# Great Mens Hairdressers in Dubai?



## funkyant

Ok, so I've been here for almost 3 months and had 2 really bad haircuts. Rather than working my way through every salon in Dubai, can anyone here recommend somebody that is great?

Preferably somebody a little creative. And I'm totally OK with getting my hair cut by camp gay men - they are usually the best haha!

Cheers!


----------



## Andy Capp

You've had TWO cuts in THREE months! Bloody hell!

Two places (says the AED10 special bloke...)

There's a salon in Emirates Towers that's expensive but spot on, failing that in the mall opposite Jumeriah Mosque upstairs called Couterie or something, Arab guys from Syria and Lebanon in there.

You settling in well then?


----------



## funkyant

Thanks Andy.

Remember, I'm working for Armani? I can't believe how strict they are!! As soon as I arrived, they made me cut my hair, because it was too long. Hated that haircut, so got another a month later, which I also hated.

This may sound a little pretentious, but when I'm in the DJ box at Armani every night with a **** haircut, I don't exactly feel confident.
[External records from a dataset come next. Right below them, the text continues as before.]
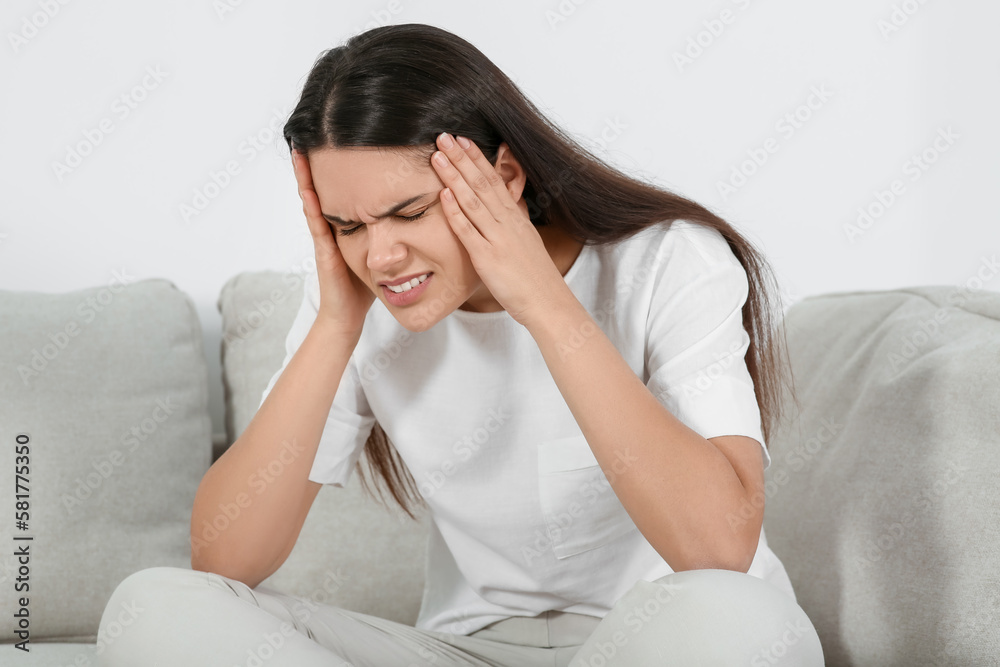 Young woman suffering from headache on sofa indoors. Hormonal disorders Young woman suffering from headache on sofa indoors. Hormonal disorders
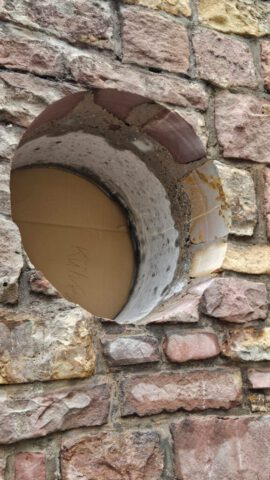 Kernbohrung durch Natursteinmauer für Leitungsdurchführung
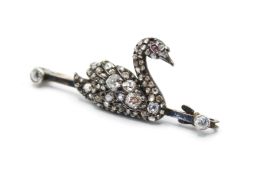An antique yellow and white metal bar brooch with diamond set swan motif.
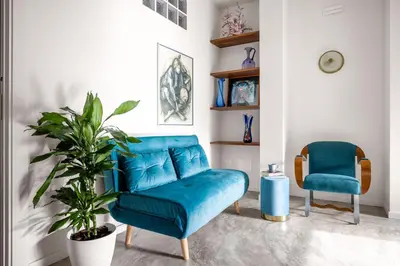 a living room with a blue couch and two chairs at Blu House in Terrasini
Where exactly is Emirates Towers?


Aside from the haircuts, I am really starting to settle in here. I got off to a very shaky start after a very messy breakup, leaving my girl of 4 years back home - but now I'm starting to look forward rather than backward and I'm starting to enjoy myself


----------



## Andy Capp

Glad to hear you're doing OK, I would have thought that the guys from Armani would know...

Emirates Towers are the 2 (great looking and imho the best designed buildings in Dubai) triangular buildings on the land side (ie right when heading from Jebel Ali into Dubai) of SZR, one is an office tower, the other is the commercial tower, there's a small arcade downstairs, you'd like the shops.

And then there's the infamous Scarlets bar....

Has time out dubai not done an article on male spas and hairdressers? Might be worth a look.


----------



## funkyant

Andy Capp said:


> I would have thought that the guys from Armani would know...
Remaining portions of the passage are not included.